There is the obvious answer: the pull of tribal belonging, communal ritual, and the quasi-religious attachment to a faith. And there is a more psychological reason – you are among friends, so to speak and the football stadium is a safe place for the expression of emotion. But I think there is something even deeper than that. It is more to do with surrendering your happiness to a higher force, allowing your most basic, polar feelings (pleasure and sorrow) to be held hostage by the vagaries of fortune. There is something gloriously liberating in that, particularly in a world where we feel our lives are being curated, our senses manipulated, and the term “follower” has been debased by social media.

We City fans entrusted our hearts to Pep. For a decade, he has been a constant, a bonding agent, for my daughter and me. We have travelled many thousands of miles together in that time, supporting City, and have experienced intense highs and depressing lows. We believed somehow that Pep would always be at our side, and vice versa. And now, just like that, he’s gone, and, while we know we cannot mourn his departure like it’s a death in the family, we also can, at least a little bit.

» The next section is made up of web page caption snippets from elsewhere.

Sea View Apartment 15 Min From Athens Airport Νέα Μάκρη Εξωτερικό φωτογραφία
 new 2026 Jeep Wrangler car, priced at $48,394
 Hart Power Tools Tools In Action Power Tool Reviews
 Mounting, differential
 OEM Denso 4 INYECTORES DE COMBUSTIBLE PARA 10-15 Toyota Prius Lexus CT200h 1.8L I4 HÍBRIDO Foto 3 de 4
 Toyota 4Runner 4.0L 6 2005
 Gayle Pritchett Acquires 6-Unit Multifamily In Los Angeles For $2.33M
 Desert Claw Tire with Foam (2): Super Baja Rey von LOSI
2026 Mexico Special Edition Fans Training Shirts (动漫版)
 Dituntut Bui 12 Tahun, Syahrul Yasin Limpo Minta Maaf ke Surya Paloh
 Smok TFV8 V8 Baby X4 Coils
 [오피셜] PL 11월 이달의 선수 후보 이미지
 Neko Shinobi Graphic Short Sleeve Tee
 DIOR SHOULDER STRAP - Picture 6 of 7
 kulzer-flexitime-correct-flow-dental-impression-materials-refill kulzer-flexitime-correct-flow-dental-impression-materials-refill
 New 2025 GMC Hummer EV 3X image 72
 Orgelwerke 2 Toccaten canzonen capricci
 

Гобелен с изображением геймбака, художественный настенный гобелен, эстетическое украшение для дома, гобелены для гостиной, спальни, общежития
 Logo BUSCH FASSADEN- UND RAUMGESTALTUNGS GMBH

We are not shedding tears for Pep. He’ll be just fine, luxuriating in his achievements, living the life of an emperor. We are thinking of ourselves, of how the pain of Pep’s departure relates to the rhythm of our own lives, of the losses we have suffered and grieved, and, indeed, of a more profound sense of the transient nature of life. As the man himself said, nothing is eternal.

This is what being a football fan means. Even for you, William. You give over control of your finer feelings to people you don’t know, and who, despite the badge-kissing, are mainly doing it for the money. And, naturally, you feel emotionally invested in them. But what to do when they’re gone? Yes, the world will still spin on its axis, but there have been attachments made, experiences shared and emotions awakened that are very, very real indeed.

That’s what we can’t really explain to those who are not fans. Football is not, of course, a matter of life and death. But, do you know what? As my eyes filled with tears in the sunlit Manchester evening on Sunday, I couldn’t help feeling that it almost is.